Anyway I called the AA out and they were with me in 20 minutes. The AA man tested the battery and initially said the battery was fine but then the tester said replace battery. He then got his jumper pack out of his van and connected it and asked me to try and start the MH. As I turned the key and the engine began to turn over and then there was an almighty BANG and the AA man was kneeling right in front of the MH and he was showered in all battery acid, all over his face and hands. The shock threw him backwards and he ran towards his van and started pouring eye wash stuff all over his face. When I got out of the van he was just laid on thee floor near his van pouring the eye stuff all over his face.

I dialled 999 and 2 ambulances arrived within 3 minutes, then I had another 2 AA patrol men here too. Looked like a scene from a motorway accident!

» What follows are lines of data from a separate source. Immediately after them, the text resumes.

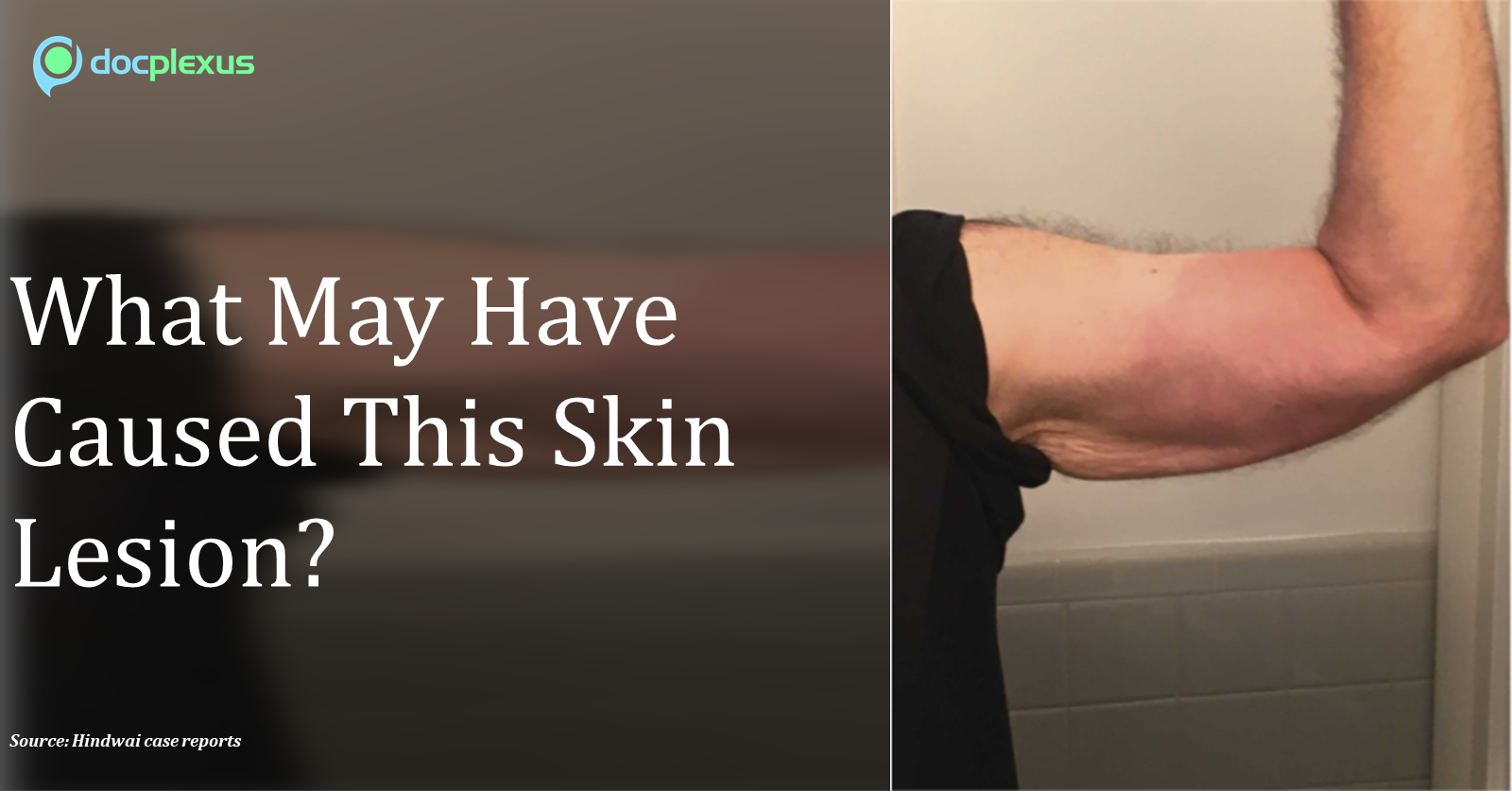 What Caused Skin Lesions in This Elderly Patient?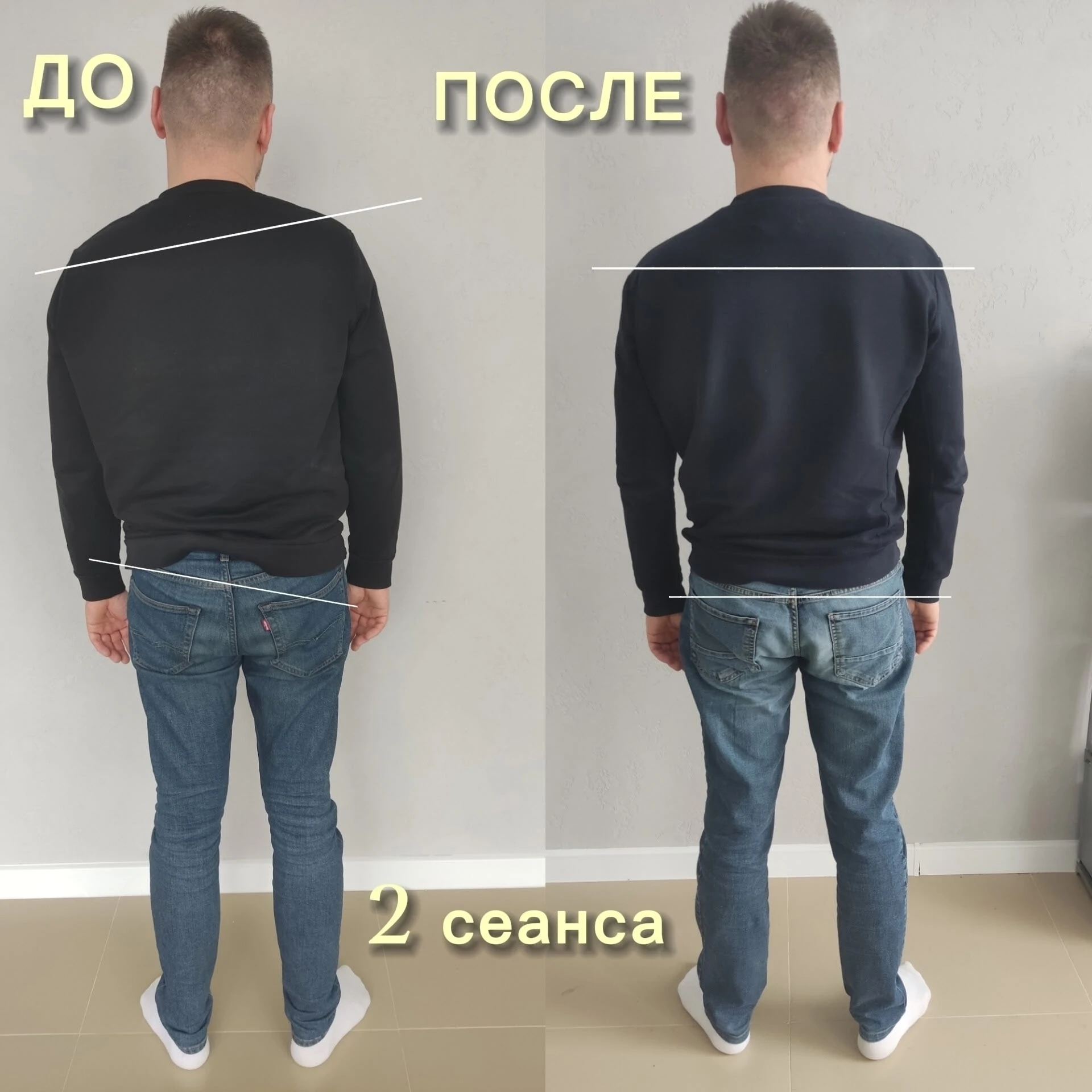ПРАВКА ТАЗА (без хруста)и глубокий спортивный массаж МУЧАЧА

1⃣ «Правка таза» - это мягкая техника, 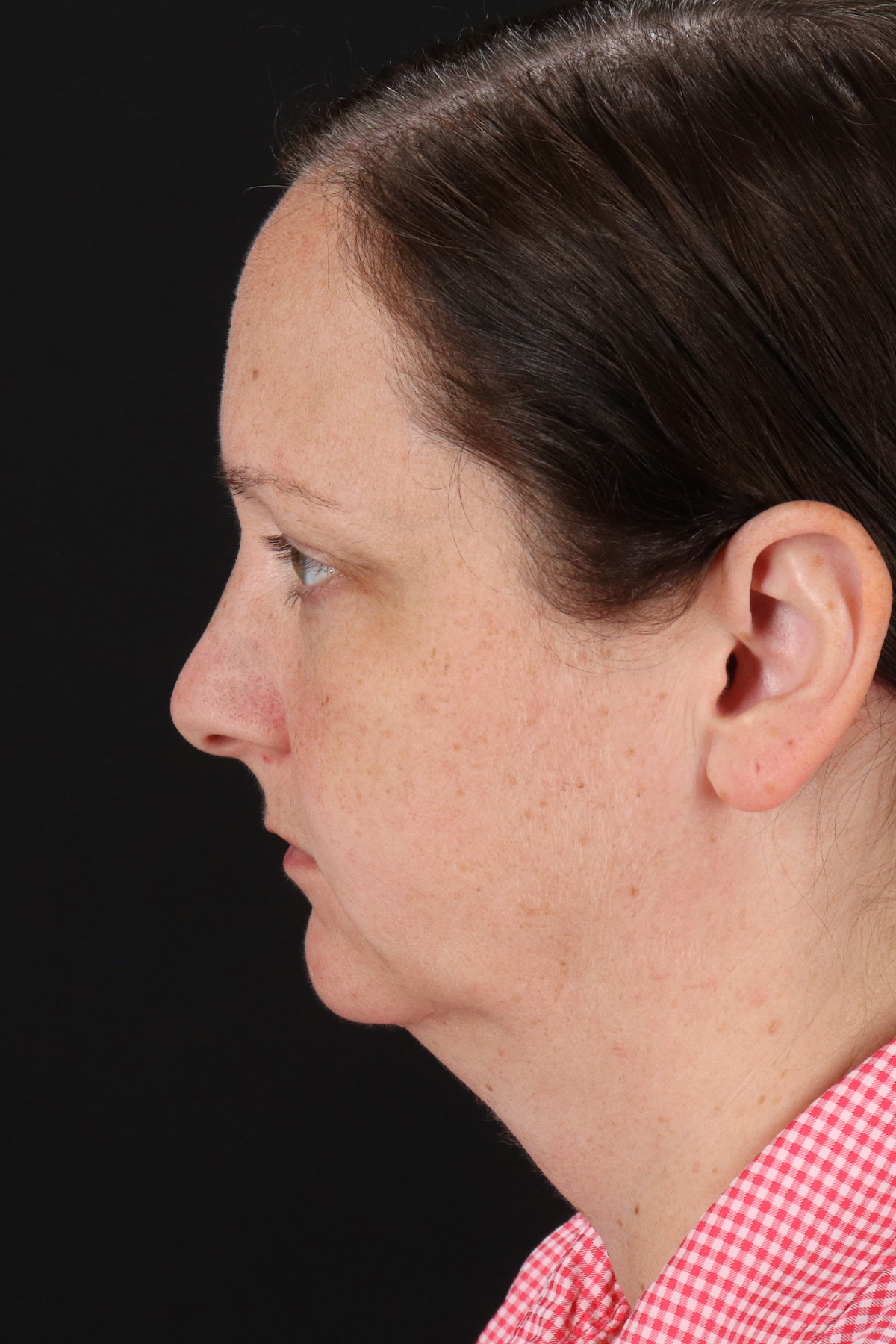 Lower Blepharoplasty Before & After Patient #13052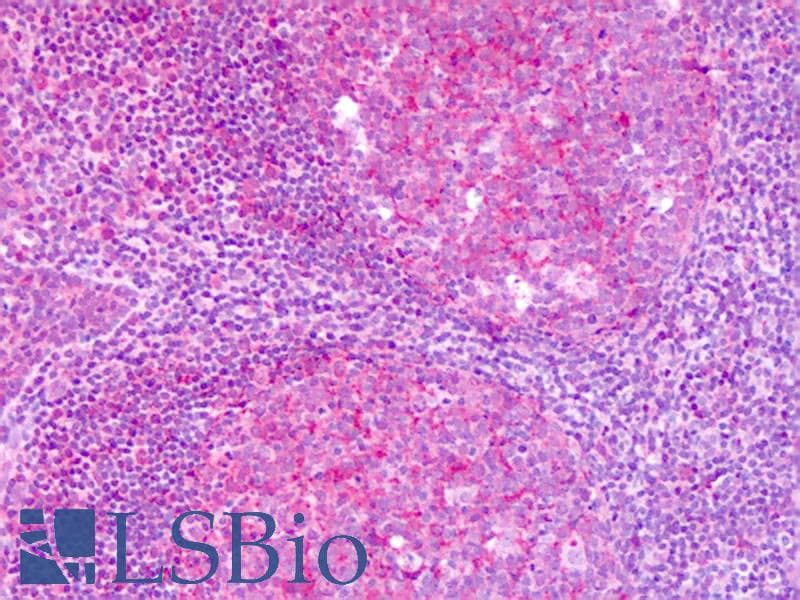 IHC-plus™ Polyclonal Rabbit anti-Human KISS1R / GPR54 Antibody (C-Terminus, IHC)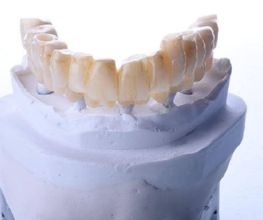 centre-odontologia-miret-puig-maqueta-dental-03.jpg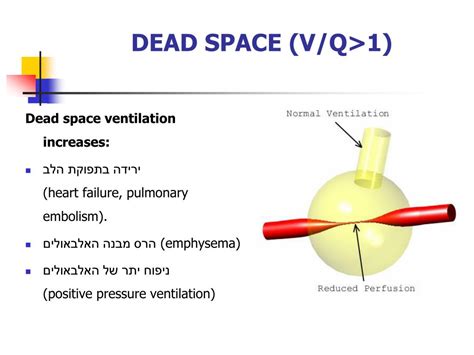 Physiologic dead space ventilation perfusion - reqopmafia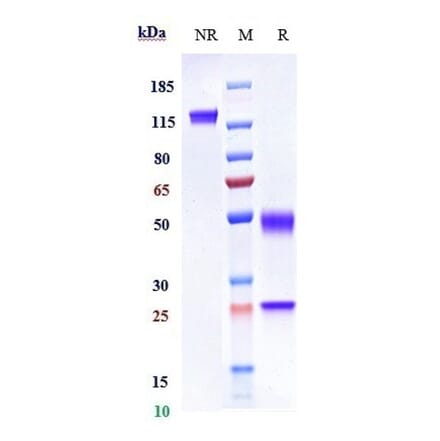 SDS-PAGE - Rilotumumab Biosimilar - Anti-HGF Antibody - Low endotoxin, Azide free (A323698) - Antibodies.com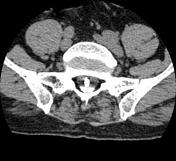 Arachnoiditis ossificans | Radiology Reference Article | Radiopaedia.org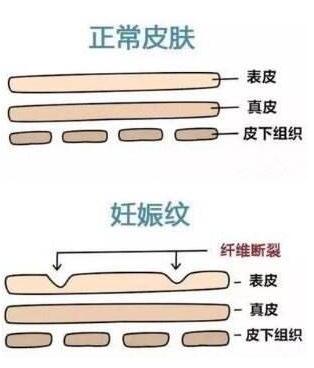 做激光去妊娠紋的果好不好？針對(duì)寶媽產(chǎn)后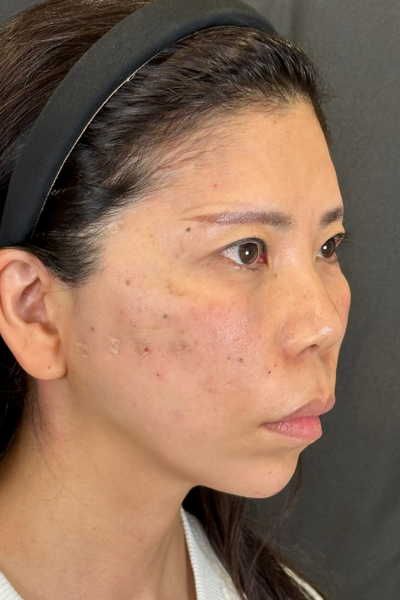 手术前的状态 其一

We all read about batteries exploding but never think it will happen but it does, so please be careful.

Anyway the 3rd AA man replaced the battery and fitted a brand new one and all is ok. I had a phone call from the AA Area Manager yesterday thanking me for calling the ambulance and he said the patrol man was ok.

See pics of the exploded battery! The cell nearest the negative terminal just exploded and blew the top of the battery off and all the side was cracked open.


----------



## listerdiesel (Aug 3, 2012)

Possibly a failed cell link in the battery igniting oxygen/hydrogen mixture inside, that or a spark from the jumper leads doing the same to gases outside the vents.

The 'problem' with using jumper packs is that there is a huge current flow at the time of starting, so if the contacts are not that good, you get a spark.

I prefer using another vehicle to get a charge into the old battery first and see if that gets it going.

Peter


----------



## Penquin (Oct 15, 2007)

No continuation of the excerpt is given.